The investigation and statistical method comprises the following steps: the disease condition was examined before application, and 7 days and 14 days after application. Five points are sampled on the diagonal line of each cell, 5 connected clusters are taken at each point, 25 clusters of rice are investigated in total, and the healthy plant number and the diseased plant number at each level are recorded.

The diseases are classified according to the following method:

level 0: disease free

Level 1: the fourth leaf and the sheath and leaf of the following leaves (the sword leaf is the first leaf)

And 3, level: the third leaf and the sheath and leaf of each leaf below the third leaf

And 5, stage: the second leaf and the leaf sheath and leaf of the following leaf

And 7, stage: attack of scabies and the sheaths and leaves of the sword-like leaves

And 9, stage: the whole plant is attacked and withered in advance.

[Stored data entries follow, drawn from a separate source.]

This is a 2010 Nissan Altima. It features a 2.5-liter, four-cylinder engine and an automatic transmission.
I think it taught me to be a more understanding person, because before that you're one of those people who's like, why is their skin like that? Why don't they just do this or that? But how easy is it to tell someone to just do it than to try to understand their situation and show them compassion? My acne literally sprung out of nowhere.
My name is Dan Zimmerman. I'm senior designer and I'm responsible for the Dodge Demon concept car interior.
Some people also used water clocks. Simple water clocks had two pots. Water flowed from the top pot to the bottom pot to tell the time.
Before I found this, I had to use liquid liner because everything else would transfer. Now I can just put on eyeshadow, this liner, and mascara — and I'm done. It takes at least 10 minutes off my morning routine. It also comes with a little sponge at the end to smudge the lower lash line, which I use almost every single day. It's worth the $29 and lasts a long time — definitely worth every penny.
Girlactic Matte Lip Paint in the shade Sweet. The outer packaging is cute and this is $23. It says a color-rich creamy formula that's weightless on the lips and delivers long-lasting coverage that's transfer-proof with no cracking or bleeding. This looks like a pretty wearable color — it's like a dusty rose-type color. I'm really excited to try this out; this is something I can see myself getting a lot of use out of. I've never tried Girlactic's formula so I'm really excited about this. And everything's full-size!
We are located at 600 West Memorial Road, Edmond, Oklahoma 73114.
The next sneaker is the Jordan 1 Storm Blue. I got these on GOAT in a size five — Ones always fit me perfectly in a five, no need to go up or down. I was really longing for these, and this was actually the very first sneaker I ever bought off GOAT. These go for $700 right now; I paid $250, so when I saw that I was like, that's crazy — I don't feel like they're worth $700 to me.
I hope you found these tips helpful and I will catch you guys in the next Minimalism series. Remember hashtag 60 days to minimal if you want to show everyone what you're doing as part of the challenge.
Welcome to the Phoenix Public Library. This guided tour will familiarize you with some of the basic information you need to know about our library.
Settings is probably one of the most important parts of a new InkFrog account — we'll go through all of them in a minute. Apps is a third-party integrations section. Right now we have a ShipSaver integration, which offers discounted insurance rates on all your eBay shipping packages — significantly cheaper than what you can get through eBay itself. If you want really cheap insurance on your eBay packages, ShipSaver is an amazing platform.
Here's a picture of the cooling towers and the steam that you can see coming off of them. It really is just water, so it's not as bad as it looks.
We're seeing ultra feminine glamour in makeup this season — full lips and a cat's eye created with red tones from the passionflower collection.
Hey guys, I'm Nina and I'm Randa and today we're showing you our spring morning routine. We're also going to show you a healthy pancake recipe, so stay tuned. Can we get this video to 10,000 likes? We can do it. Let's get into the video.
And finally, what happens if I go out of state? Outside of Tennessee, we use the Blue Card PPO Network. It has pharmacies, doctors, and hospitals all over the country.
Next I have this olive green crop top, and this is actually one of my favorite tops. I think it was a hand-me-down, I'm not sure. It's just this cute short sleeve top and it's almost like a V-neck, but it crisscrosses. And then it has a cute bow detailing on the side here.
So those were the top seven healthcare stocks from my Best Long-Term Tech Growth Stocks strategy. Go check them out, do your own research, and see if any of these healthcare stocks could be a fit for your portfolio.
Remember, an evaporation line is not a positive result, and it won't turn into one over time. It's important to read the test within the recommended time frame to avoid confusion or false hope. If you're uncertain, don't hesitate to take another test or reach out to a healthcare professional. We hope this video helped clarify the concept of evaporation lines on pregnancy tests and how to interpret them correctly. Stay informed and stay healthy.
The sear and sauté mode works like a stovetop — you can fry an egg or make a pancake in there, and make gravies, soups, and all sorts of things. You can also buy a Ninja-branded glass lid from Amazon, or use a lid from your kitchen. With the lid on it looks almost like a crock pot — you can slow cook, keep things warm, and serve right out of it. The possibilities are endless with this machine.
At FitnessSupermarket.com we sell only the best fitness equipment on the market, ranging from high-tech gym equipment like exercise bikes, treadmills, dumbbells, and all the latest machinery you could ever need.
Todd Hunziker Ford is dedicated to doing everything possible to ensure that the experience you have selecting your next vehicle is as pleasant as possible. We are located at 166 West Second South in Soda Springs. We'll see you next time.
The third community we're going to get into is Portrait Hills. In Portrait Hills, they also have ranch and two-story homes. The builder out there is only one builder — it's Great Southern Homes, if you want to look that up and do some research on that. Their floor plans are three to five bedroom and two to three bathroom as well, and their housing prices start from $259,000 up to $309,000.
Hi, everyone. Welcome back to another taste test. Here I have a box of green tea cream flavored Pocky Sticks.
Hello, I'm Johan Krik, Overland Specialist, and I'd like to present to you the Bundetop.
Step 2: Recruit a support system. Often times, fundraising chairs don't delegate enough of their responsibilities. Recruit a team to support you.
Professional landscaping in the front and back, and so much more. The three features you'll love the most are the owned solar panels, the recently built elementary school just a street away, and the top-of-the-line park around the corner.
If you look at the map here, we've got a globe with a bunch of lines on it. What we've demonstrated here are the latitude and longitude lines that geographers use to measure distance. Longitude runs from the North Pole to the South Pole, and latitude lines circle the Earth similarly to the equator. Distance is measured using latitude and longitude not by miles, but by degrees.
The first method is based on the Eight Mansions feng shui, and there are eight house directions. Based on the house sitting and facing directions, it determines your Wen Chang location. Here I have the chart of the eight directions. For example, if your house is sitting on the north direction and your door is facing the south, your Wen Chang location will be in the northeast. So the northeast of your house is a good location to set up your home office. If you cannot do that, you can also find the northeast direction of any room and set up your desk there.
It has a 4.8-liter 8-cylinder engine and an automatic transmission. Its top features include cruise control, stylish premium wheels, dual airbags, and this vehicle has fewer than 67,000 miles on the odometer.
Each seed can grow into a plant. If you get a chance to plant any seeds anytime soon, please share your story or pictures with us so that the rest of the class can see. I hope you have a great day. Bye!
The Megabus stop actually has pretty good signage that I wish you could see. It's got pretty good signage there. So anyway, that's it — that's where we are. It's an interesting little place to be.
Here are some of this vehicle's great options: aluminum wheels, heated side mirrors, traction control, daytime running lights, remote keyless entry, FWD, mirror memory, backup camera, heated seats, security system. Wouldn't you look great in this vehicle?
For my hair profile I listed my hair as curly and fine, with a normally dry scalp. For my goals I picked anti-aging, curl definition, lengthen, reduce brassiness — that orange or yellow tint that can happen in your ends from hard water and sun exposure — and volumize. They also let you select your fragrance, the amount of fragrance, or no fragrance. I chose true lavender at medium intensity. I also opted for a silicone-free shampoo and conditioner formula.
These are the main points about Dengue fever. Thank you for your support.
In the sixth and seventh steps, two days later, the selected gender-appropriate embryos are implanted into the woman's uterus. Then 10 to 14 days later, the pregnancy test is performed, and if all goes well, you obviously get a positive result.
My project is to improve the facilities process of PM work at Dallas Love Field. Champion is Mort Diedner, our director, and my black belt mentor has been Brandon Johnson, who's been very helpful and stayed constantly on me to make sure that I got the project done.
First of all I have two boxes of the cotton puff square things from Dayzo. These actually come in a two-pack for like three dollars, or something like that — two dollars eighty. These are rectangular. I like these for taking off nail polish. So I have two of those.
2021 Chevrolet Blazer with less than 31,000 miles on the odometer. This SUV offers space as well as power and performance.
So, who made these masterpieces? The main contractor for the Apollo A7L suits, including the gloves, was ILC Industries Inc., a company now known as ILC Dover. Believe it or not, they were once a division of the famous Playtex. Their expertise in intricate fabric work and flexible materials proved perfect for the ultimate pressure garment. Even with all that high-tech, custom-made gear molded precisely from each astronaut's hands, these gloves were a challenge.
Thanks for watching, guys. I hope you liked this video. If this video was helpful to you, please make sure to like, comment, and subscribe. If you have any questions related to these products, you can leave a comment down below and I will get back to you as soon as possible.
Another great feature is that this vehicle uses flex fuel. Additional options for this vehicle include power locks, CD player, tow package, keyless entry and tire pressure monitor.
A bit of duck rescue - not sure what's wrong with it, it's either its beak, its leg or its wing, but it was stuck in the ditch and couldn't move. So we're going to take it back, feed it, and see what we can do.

Disease rate (%) (100 × number of diseased plants/total number of investigated plants);

disease index [ Σ (number of diseased plants at each stage × number of relative stage)/(total number of investigated plants × 9) ] × 100

The preventing and treating effect (%) is [ (disease index after blank group application-disease index after treatment group application)/disease index after blank group application ] × 100

And (3) test results:

table 3 Prothioconazole and allyl isothiocyanate are mixed and mixed to control rice sheath blight disease

The test results show that (see table 3), the effect of the blending treatment of prothioconazole and allyl isothiocyanate on preventing and treating rice sheath blight is obviously higher than that of a single agent, and the prevention effects of the treatment 14 days after the agent treatment are 76.63%, 80.68% and 84.45% respectively.

Example 12: prothioconazole and allyl isothiocyanate are mixed and mixed to prevent and treat brown rot of peach in field

Test targets and varieties: brown rot of peach, medium oil No. 4.

Test site: the great-tile house shop Yuan Tai Zhen Dawancun.

Reagent to be tested: 40% allyl isothiocyanate propiconazole suspension (1:1)

Control agents: 40% of allyl isothiocyanate suspending agent, 20% of thiophanate-propyl suspending agent and clear water as reference.

The application method comprises the following steps: the first application is carried out in the early stage of flower metabolism, and the second application is carried out at an interval of 14 days after the first application. The disease and fruit rate is investigated once before the pesticide is applied, the investigation is carried out once again 14 days after the last pesticide application, two plants in each district are investigated, each plant is sampled at 4 points of east, west, south and north, 100 leaves are taken for investigation according to the situation at each point, the disease leaf rate and the disease index are counted, and the prevention effect is calculated.

Control effect (%) (1- (control area pre-drug disease index)/(control area post-drug disease index)/(control area pre-drug disease index))) 100

And (3) test results:

TABLE 4 prevention and treatment effects of a mixture of prothioconazole and allyl isothiocyanate on brown rot of peach

The test results show that (see table 3), the control effect of the prothioconazole and allyl isothiocyanate mixed treatment area is over 60 percent, and is superior to that of a single agent.

During the treatment period of each test agent, the mixed components do not cause phytotoxicity to the development of peach trees and peach fruits.